Cgil e Fp: “La riforma proposta non affronta i nodi strutturali del sistema”
L’inaugurazione dell’anno giudiziario è il momento in cui il sistema giustizia si presenta al Paese. “Quest’anno – scrive la Cgil – quel passaggio istituzionale si intreccia con la decisione del governo di avviare una revisione della Costituzione, aprendo uno scontro che investe direttamente l’autonomia e l’indipendenza della giurisdizione e incide sul lavoro quotidiano negli uffici giudiziari. La riforma proposta non affronta i nodi strutturali del sistema. Non riduce l’arretrato, non accelera i tempi, non migliora la qualità del servizio, non rafforza i diritti di cittadinanza. Al contrario, rischia di alterare equilibri costituzionali delicati e di lasciare irrisolte, ancora una volta, le condizioni materiali in cui la giustizia opera”.
È da qui che nasce il presidio indetto dal sindacato, che spiega: “la giustizia è un servizio pubblico essenziale, che vive del lavoro di migliaia di persone. Con gli uffici sotto organico, i carichi di lavoro insostenibili, e senza la stabilizzazione di tutto il personale precario, le condizioni peggioreranno, con il ridursi delle lavoratrici e dei lavoratori. In più ci sono edifici inadeguati e una strumentazione informatica ancora non all’altezza dei compiti richiesti. Queste problematiche non si superano con una revisione costituzionale, ma con scelte politiche chiare su investimenti, organizzazione e valorizzazione del lavoro”.

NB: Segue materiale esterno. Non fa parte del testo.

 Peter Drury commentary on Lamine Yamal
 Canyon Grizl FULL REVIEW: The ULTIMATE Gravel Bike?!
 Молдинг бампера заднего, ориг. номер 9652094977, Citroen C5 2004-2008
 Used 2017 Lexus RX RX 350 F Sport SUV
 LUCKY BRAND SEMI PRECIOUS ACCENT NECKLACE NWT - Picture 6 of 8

Al centro della mobilitazione Cgil c’è l’attenzione ai destini del personale amministrativo della giustizia, “troppo spesso – si legge nella nota – invisibile nel dibattito pubblico ma decisivo per il funzionamento degli uffici e per l’effettività delle tutele. Senza stabilità, riconoscimento professionale e prospettive di crescita, nessuna riforma può produrre risultati concreti”.

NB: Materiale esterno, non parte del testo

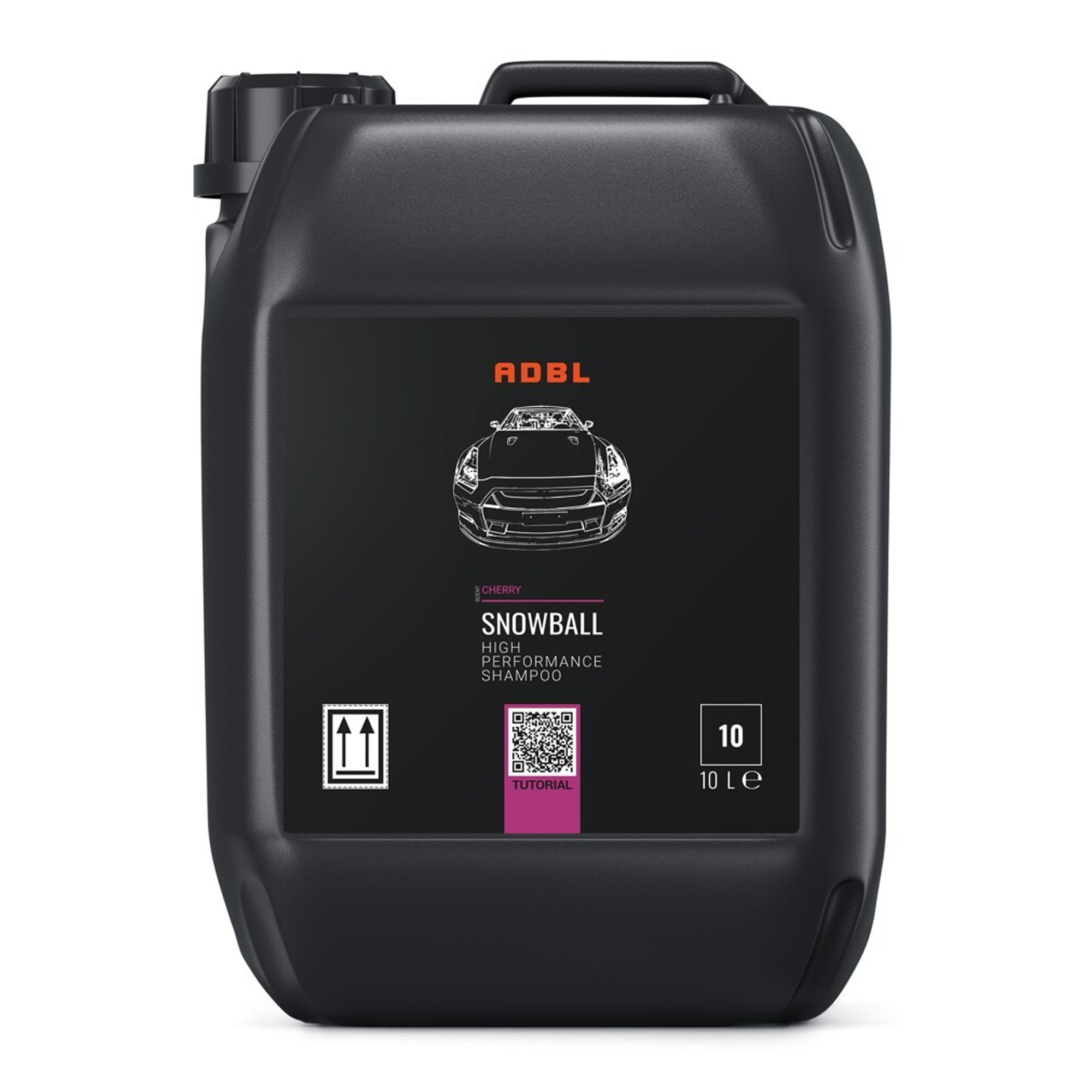 E-shop Autošampón ADBL Snowball (10 l)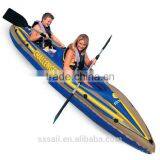 INTEX Inflatable Challenger Canoes thumbnail-4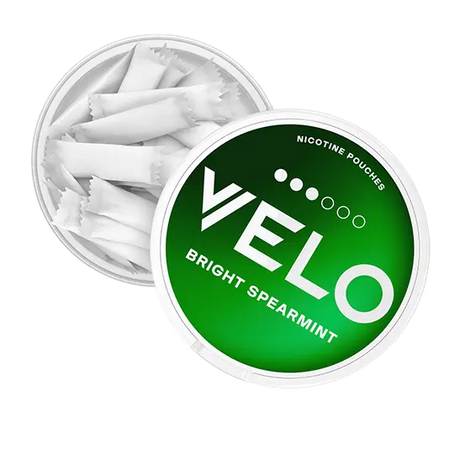 VELO Bright Spearmint 
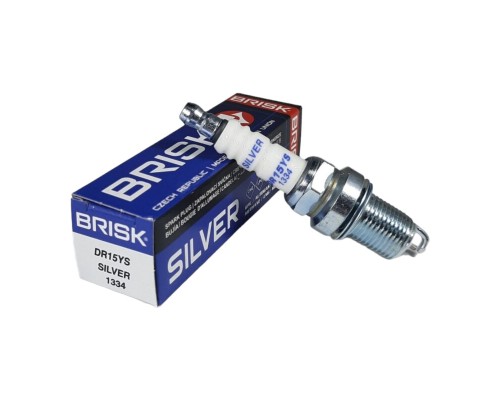 Свеча зажигания BRISK (шт)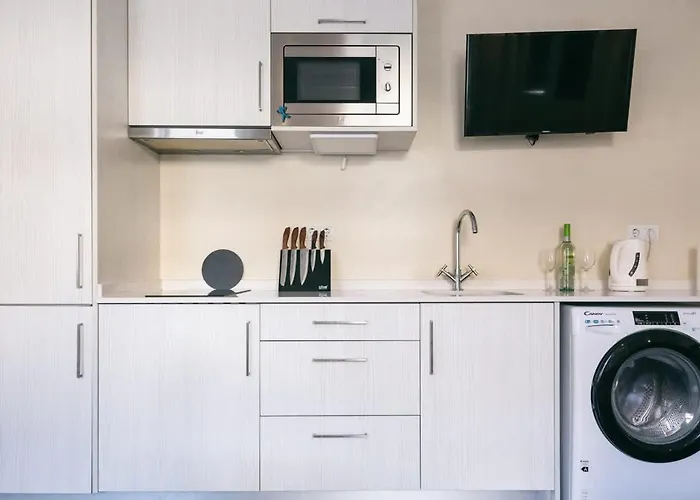 Funchal City Studio Апартаменты *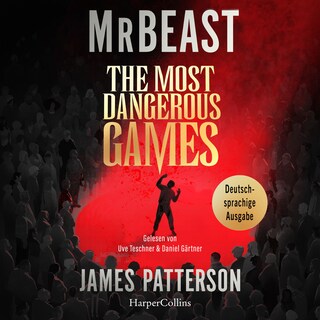 The Most Dangerous Games als Hörbuch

La proposta Cgil: stabilizzazione dei precari della giustizia, nuove assunzioni, investimenti in innovazione
Durante il presidio interverranno delegate e delegati, lavoratrici e lavoratori della giustizia. Le conclusioni saranno affidate a Giordana Pallone, segretaria nazionale Fp Cgil. La proposta della Cgil è una strada praticabile e necessaria: “stabilizzazione del personale precario, nuove assunzioni, strutturazione dell’Ufficio per il processo, investimenti in tecnologia e innovazione, interventi seri sull’edilizia giudiziaria, valorizzazione di tutte le professionalità attraverso un nuovo ordinamento, passaggi economici e di area”.
Per questo, ribadisce il sindacato, “diciamo No a riforme che dividono e indeboliscono. Serve una giustizia come servizio pubblico che funzioni perché investe nel lavoro e lo riconosce: solo così si garantiscono accesso ai diritti, tutele effettive, uguaglianza davanti alla legge e tempi ragionevoli, rafforzando la fiducia delle comunità nelle istituzioni democratiche, nel pieno rispetto dei principi della Costituzione”.
Il 29 gennaio tavola rotonda in Camera del Lavoro a Milano sulla riforma della giustizia
E intanto giovedì 29 gennaio, dalle ore 14.00 alle 17.00, alla Camera del Lavoro Metropolitana di Milano (Corso di Porta Vittoria 43) si terrà la tavola rotonda “Referendum sulla riforma della giustizia: perché votare No”, promossa da Cgil Lombardia.
Interverranno Chiara Valori, ANM – Comitato È giusto dire No, Rosi Bindi, Comitato del No della società civile, Maria Agostina Cabiddu, costituzionalista – Politecnico di Milano, Valentina Cappelletti, segretaria generale Cgil Lombardia, Ettore Zanoni, avvocato penalista – Foro di Milano. Modera Mattia Guastafierro, giornalista di Radio Popolare.
L’appuntamento è aperto al pubblico.